Patrick Mcnally 2 December, 2020 7:55 pm

“a spokesperson for DHSC confirmed that they never liked GPs anyway, and the results of a strategic review (in collaboration with PWC and Deloitte) had identified that GPs were considered “too thick” to deliver on the “very realistic” covid vaccine delivery schedule that was negotiated in a completely fair and balanced way with GPC, earlier this year”

Dr N 2 December, 2020 9:39 pm

If we wont be getting vaccines for 2 weeks why the deadline of 4 working days to commit to this. I didnt read anything in the ES about what happens if the PCN makes a loss, you cant dump the ES if it becomes apparent that you are making a loss.

Patrufini Duffy 2 December, 2020 9:53 pm

Phrasing it like they’re doing you a favour.

Vinci Ho 3 December, 2020 12:47 am

The vagaries of this story actually stem from the travesty of the claim from the health secretary that NHS was well ready for this Covid vaccination. There was no planning , no consultation with no common sense and NHSE just threw highly bureaucratic exercises for PCNs to complete to beef up this so called readiness . Ignominious and disingenuous.
It was a desperate reflex action of the government mirroring the calamity of the boldness when the chief medical officer and health secretary both declared NHS being well prepared for Covid 19 back in February/March .
Reality is GPs are more likely to deliver the more user-friendly Astra—Zeneca vaccines in the new year .

GP Warwickshire 3 December, 2020 4:01 pm

I hope Dr Ho is correct and PCNs will only have the AZ vaccine to administer.

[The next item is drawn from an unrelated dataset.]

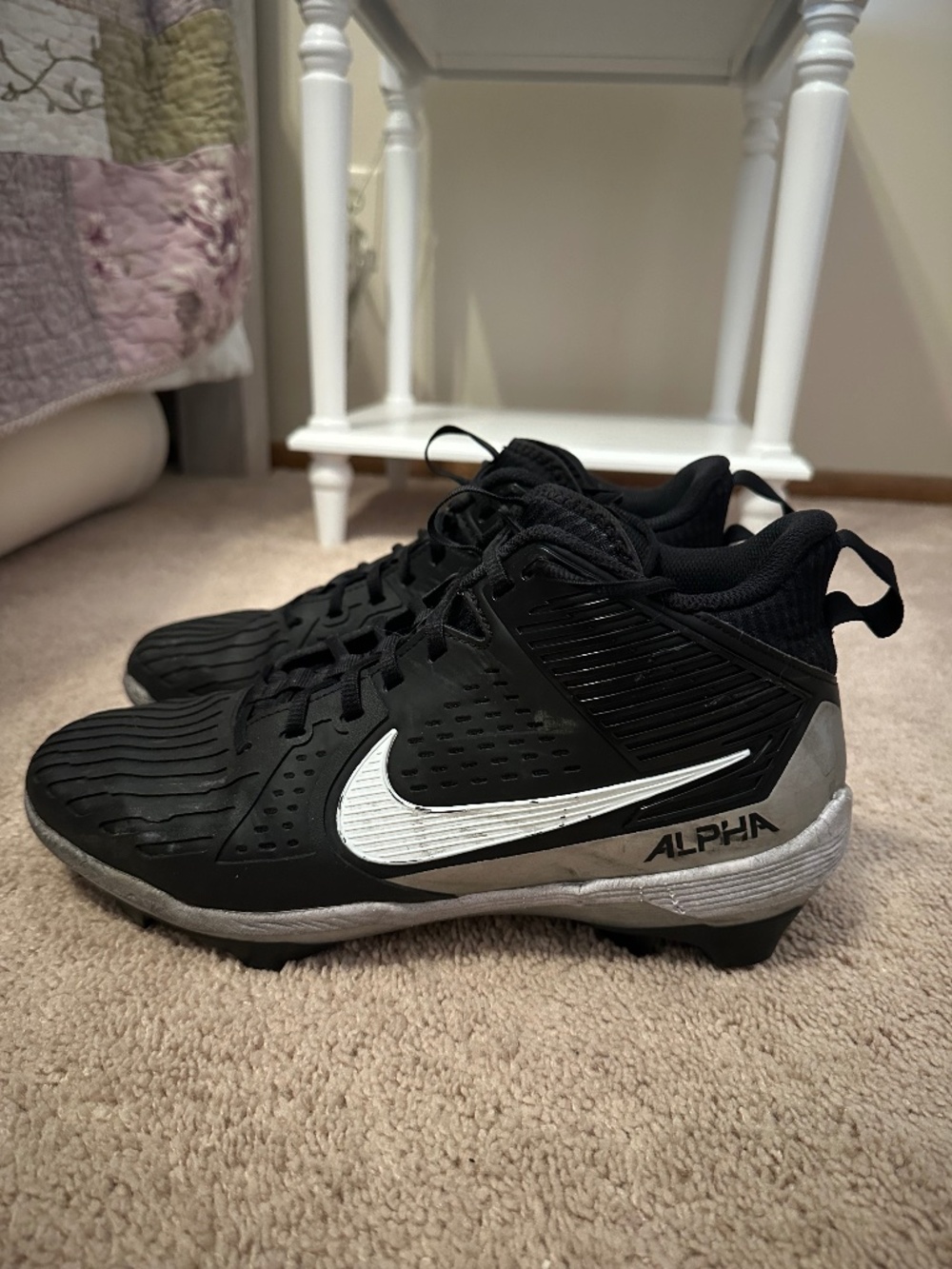 Nike Alpha Menace Strong Football Cleats Men’s Size 11 Black Silver II5139-010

Stuff our own practice fridges with it and the vast majority of surgeries could do this akin to some very well run flu clinics , albeight there is more data recording and chasing up of refusniks after the first vaccine. However the scale of vaccinating most of the population twice means it’s a job too big for us alone, so hopefully these Nightingale clinics will do more ( they can start with the Pfizer vaccine ). Let’s hope they don’t expect us to provide labour for those too. The ES doesn’t exclude that option.